**WORK INSTRUCTIONS**
Take nothing but the lines from the one with "Black Metal Loft" through the one with "Steam Teacher Definition" in the entries below, both ends kept, and return them exactly with pictures left out.

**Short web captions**
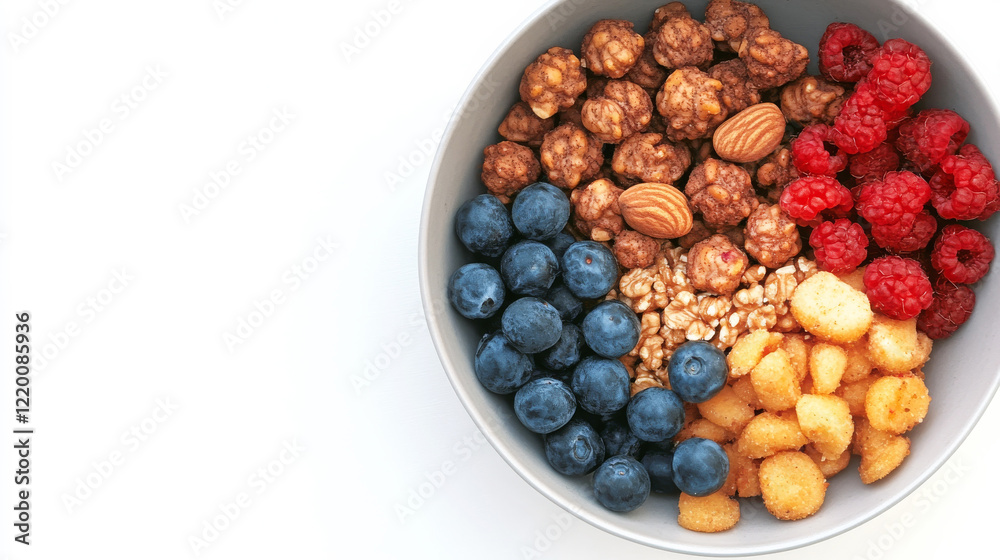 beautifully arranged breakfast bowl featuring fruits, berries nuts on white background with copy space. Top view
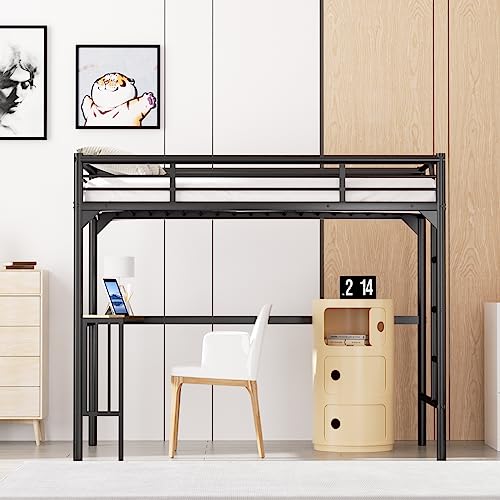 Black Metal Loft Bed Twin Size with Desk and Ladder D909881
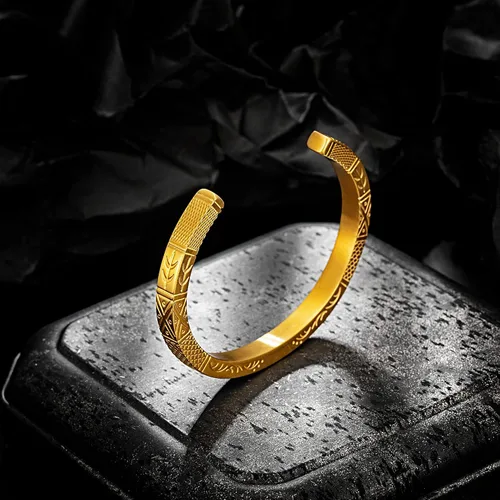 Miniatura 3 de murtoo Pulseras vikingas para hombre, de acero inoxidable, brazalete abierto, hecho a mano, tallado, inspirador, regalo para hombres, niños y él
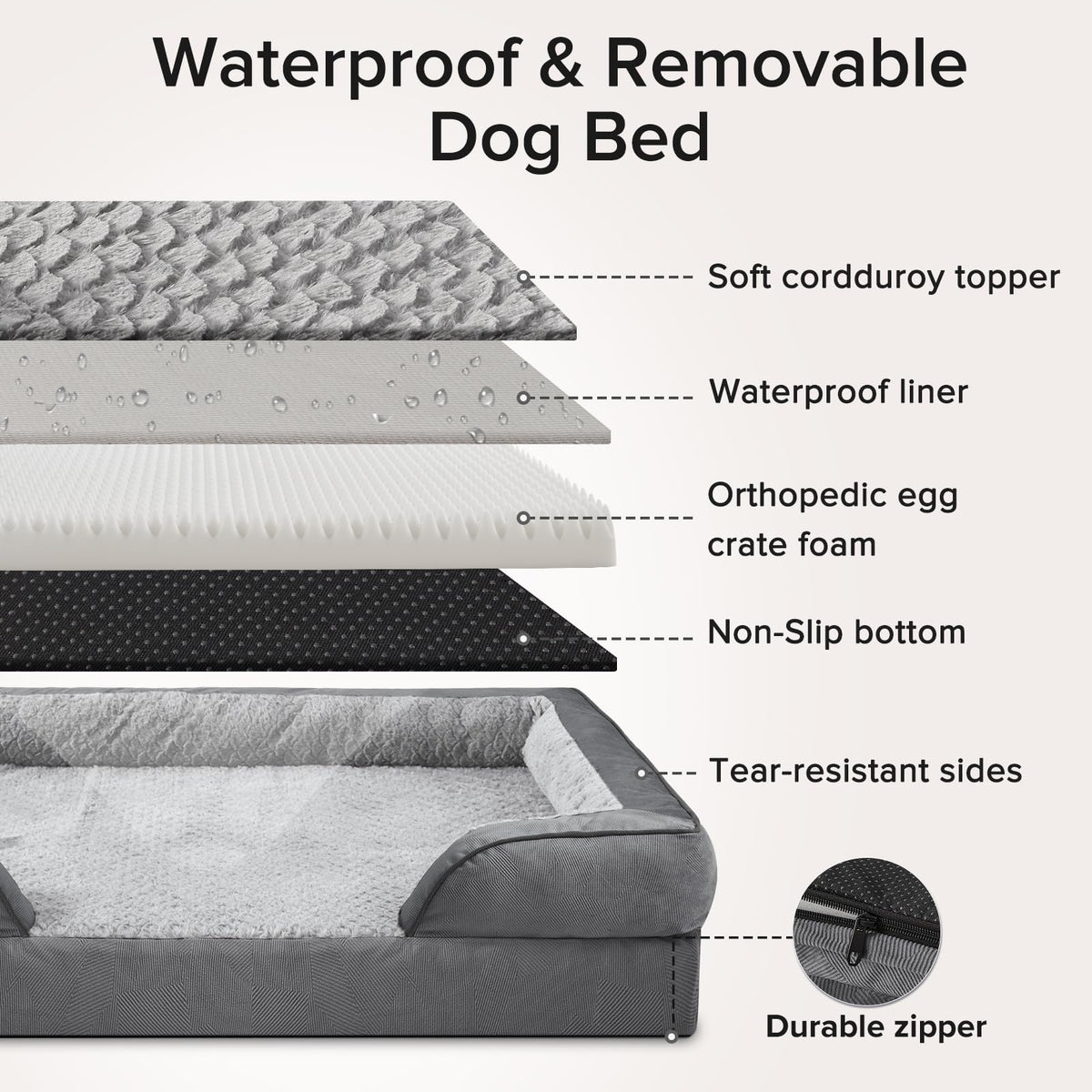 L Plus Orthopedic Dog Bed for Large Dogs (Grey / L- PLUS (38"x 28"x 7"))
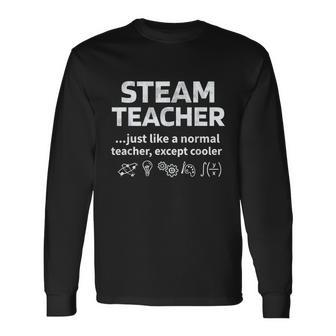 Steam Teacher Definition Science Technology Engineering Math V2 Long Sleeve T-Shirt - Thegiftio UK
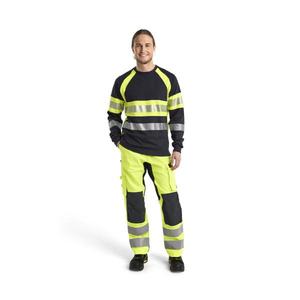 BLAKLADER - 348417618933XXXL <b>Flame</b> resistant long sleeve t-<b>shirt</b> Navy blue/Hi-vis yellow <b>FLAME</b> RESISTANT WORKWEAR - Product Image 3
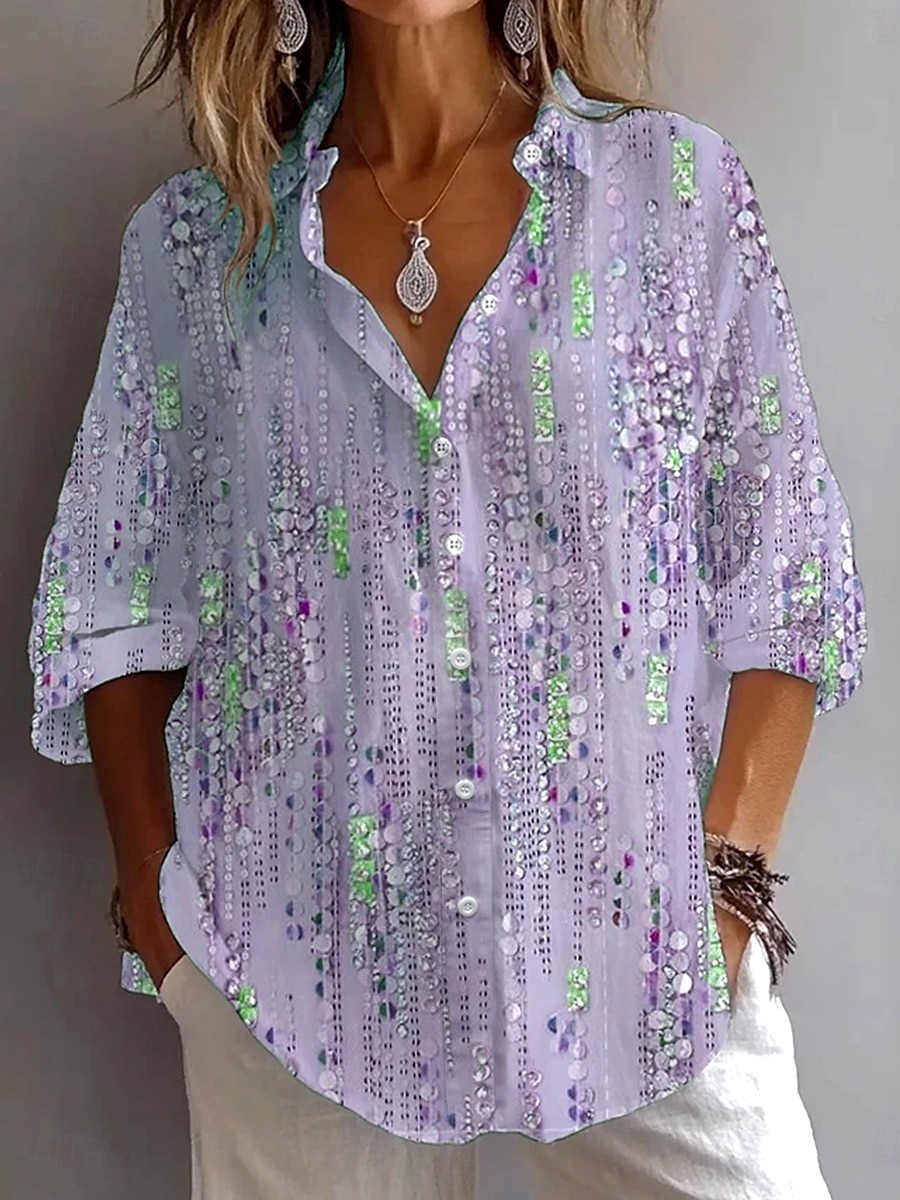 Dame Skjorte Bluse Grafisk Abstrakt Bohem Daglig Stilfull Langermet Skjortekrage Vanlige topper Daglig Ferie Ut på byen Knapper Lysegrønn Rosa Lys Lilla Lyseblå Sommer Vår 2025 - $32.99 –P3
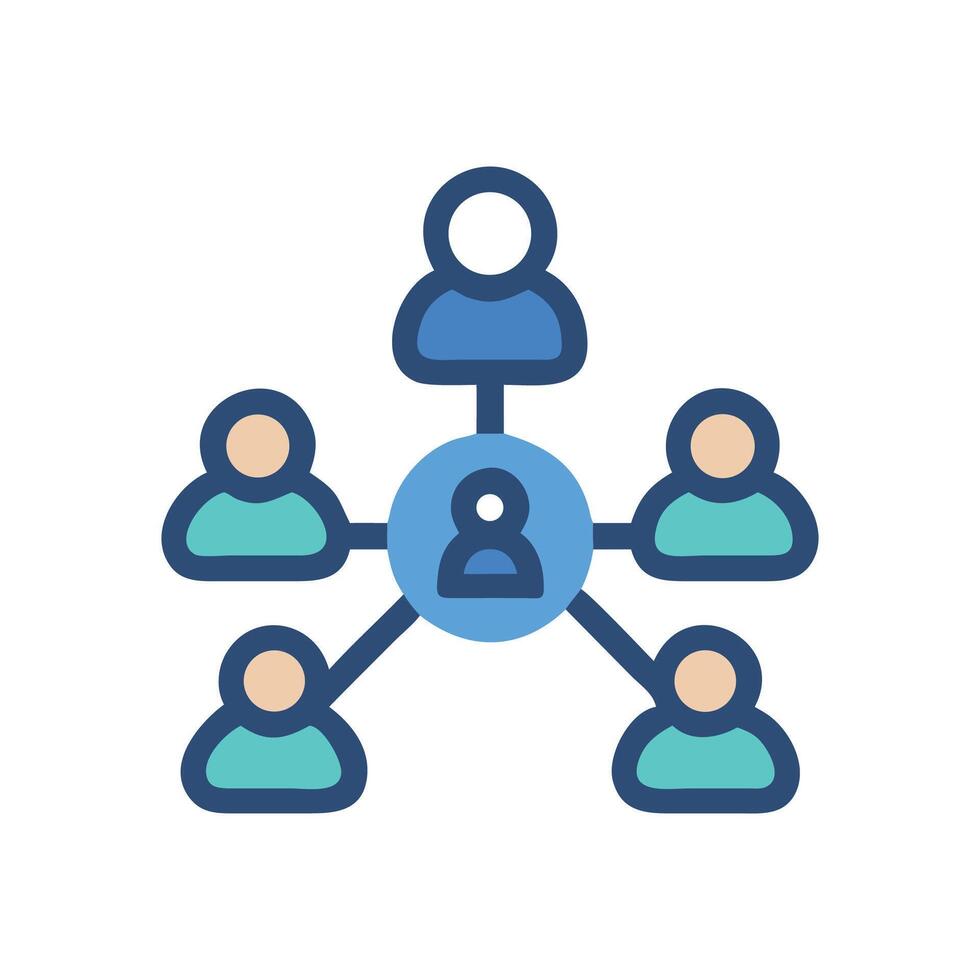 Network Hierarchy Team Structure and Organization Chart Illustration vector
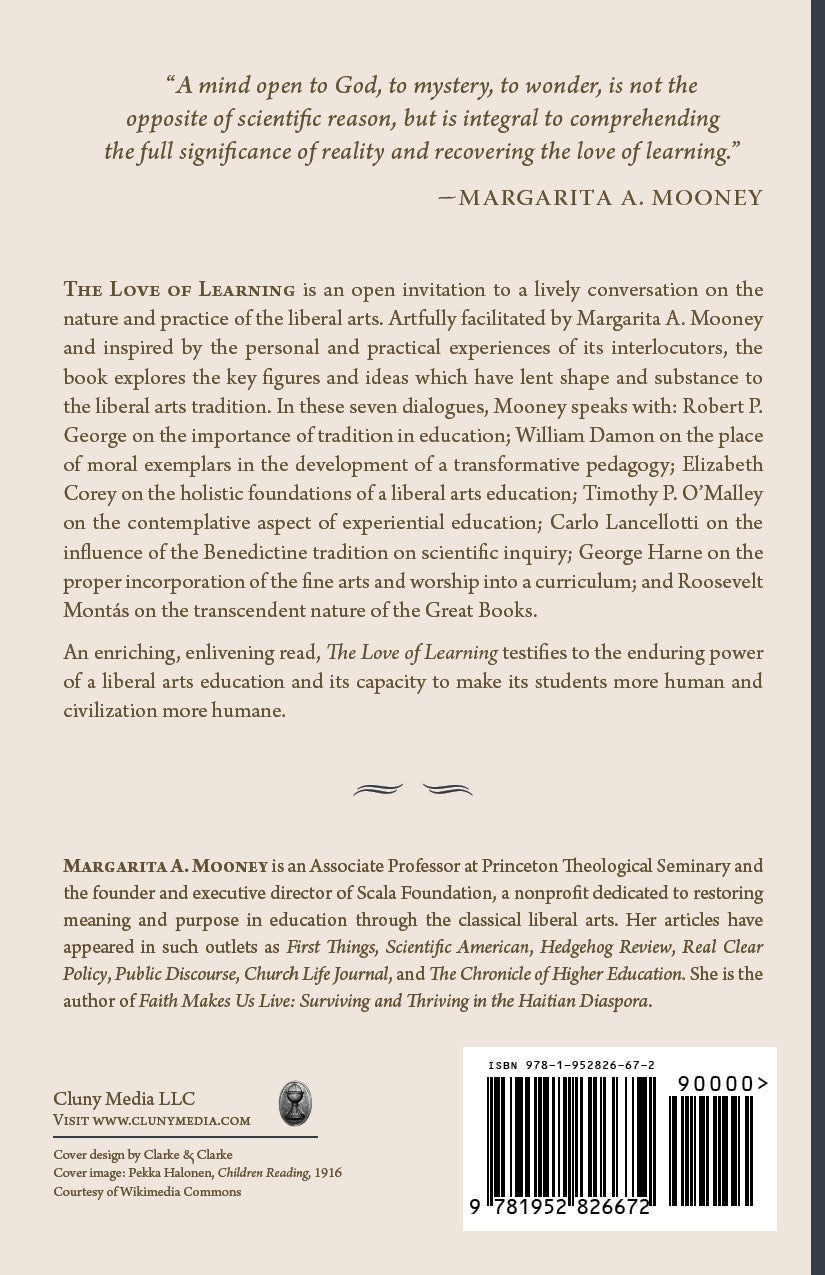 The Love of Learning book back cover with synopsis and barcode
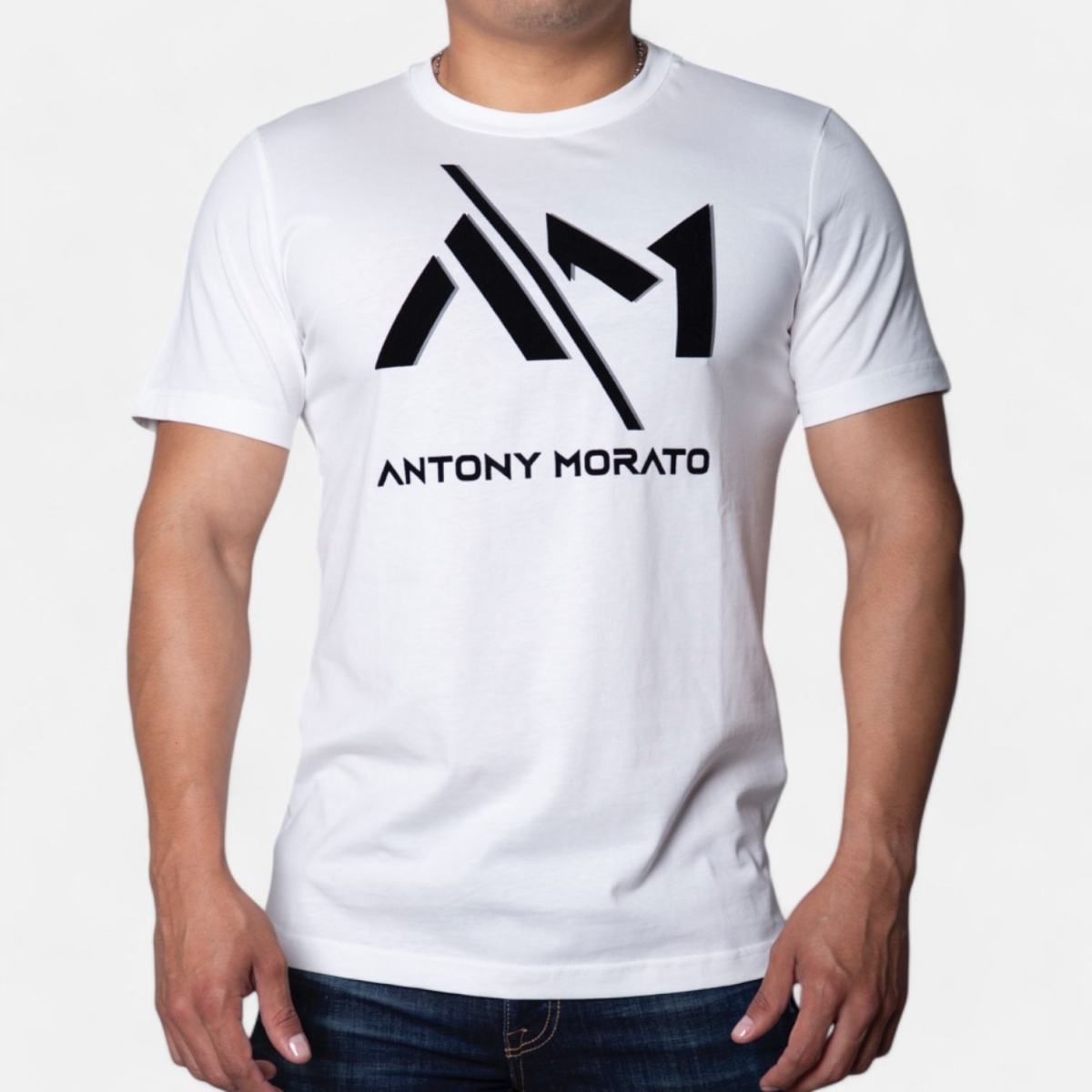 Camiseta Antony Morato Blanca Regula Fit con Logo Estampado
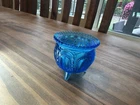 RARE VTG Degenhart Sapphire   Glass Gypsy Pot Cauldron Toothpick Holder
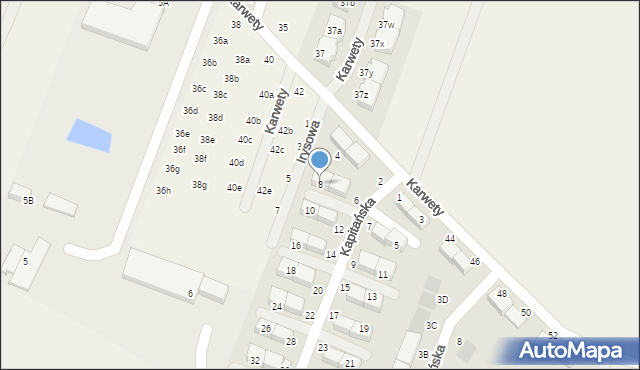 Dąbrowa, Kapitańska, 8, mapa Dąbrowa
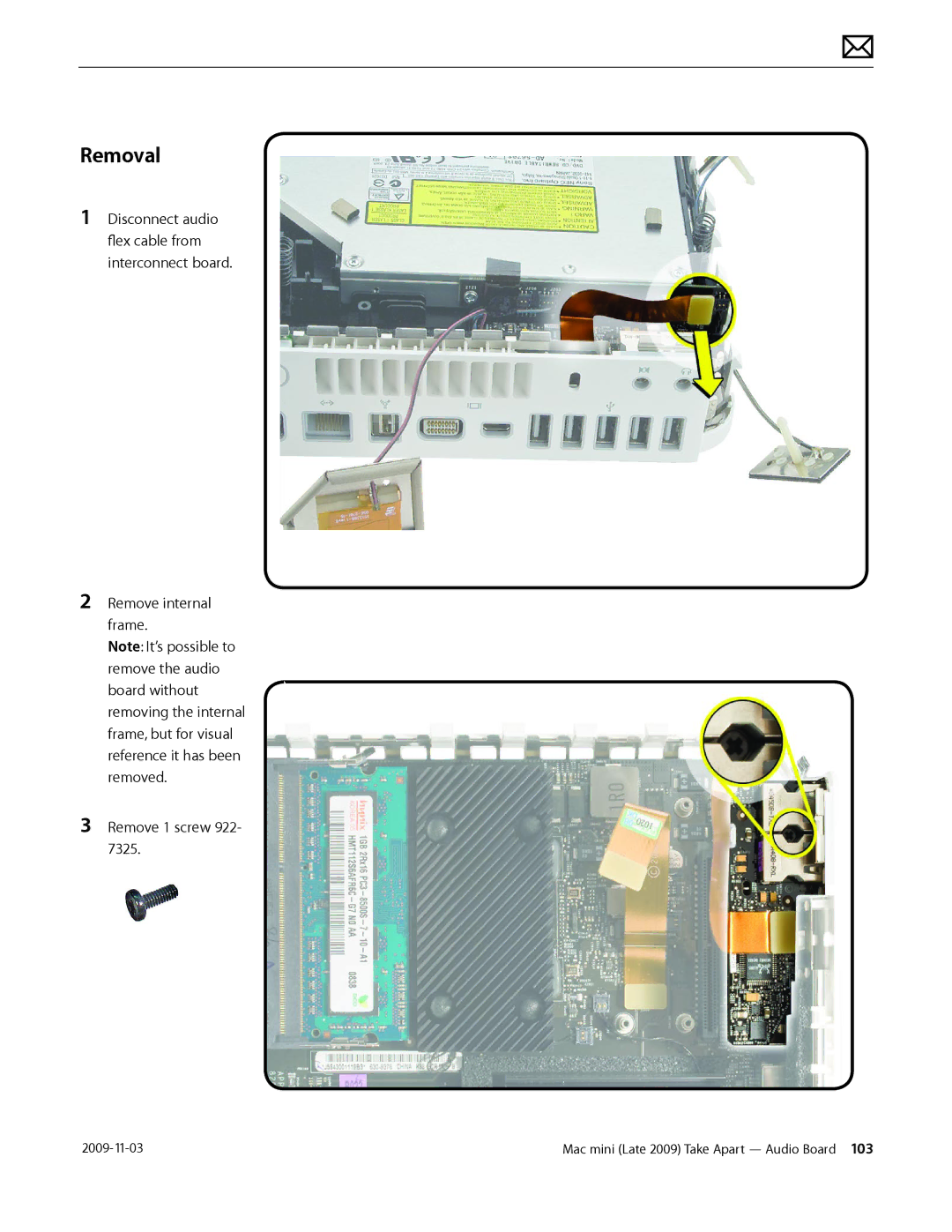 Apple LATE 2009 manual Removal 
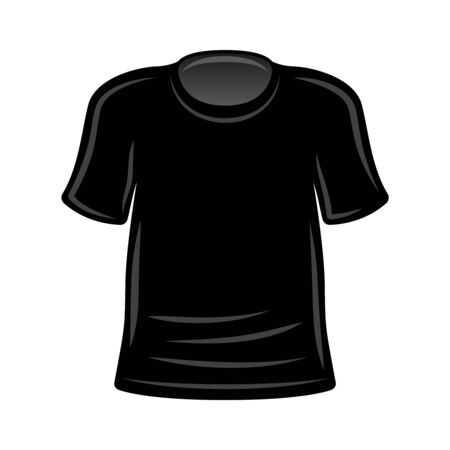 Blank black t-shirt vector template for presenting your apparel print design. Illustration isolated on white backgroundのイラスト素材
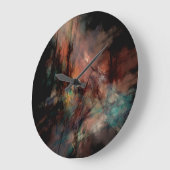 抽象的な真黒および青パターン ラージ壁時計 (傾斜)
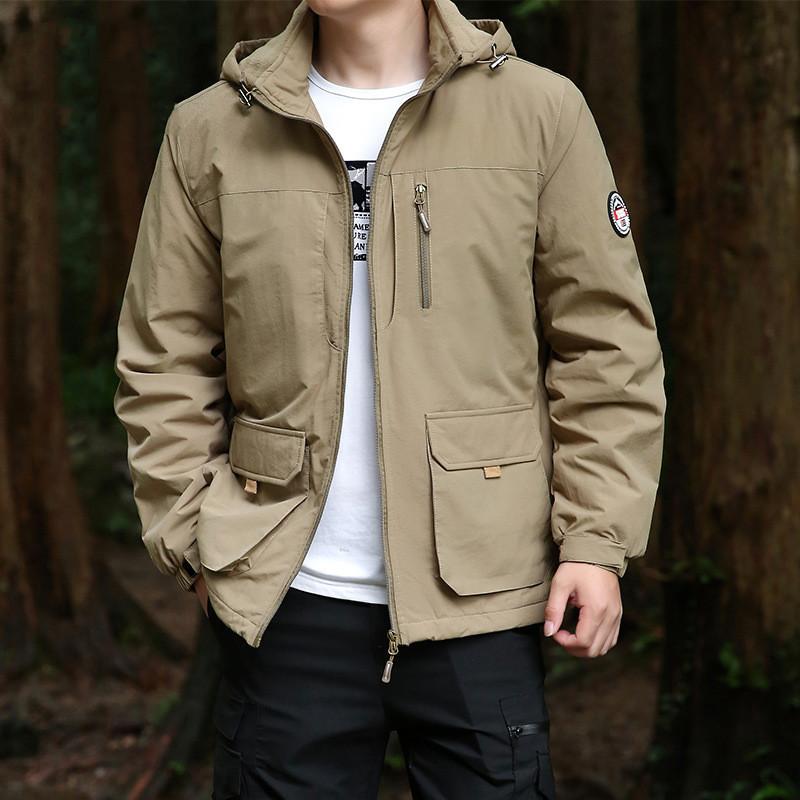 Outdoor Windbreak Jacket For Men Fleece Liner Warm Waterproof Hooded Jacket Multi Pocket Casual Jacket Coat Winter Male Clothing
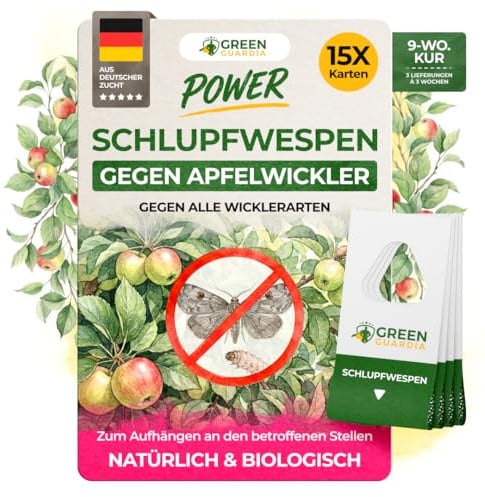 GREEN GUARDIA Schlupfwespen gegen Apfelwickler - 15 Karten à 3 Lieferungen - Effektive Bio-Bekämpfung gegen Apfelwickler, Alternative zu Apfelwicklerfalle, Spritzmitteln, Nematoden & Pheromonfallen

**ANSWER TO THE EXERCISE**
 Black Metal Loft Bed Twin Size with Desk and Ladder D909881
 Miniatura 3 de murtoo Pulseras vikingas para hombre, de acero inoxidable, brazalete abierto, hecho a mano, tallado, inspirador, regalo para hombres, niños y él
 L Plus Orthopedic Dog Bed for Large Dogs (Grey / L- PLUS (38"x 28"x 7"))
 Steam Teacher Definition Science Technology Engineering Math V2 Long Sleeve T-Shirt - Thegiftio UK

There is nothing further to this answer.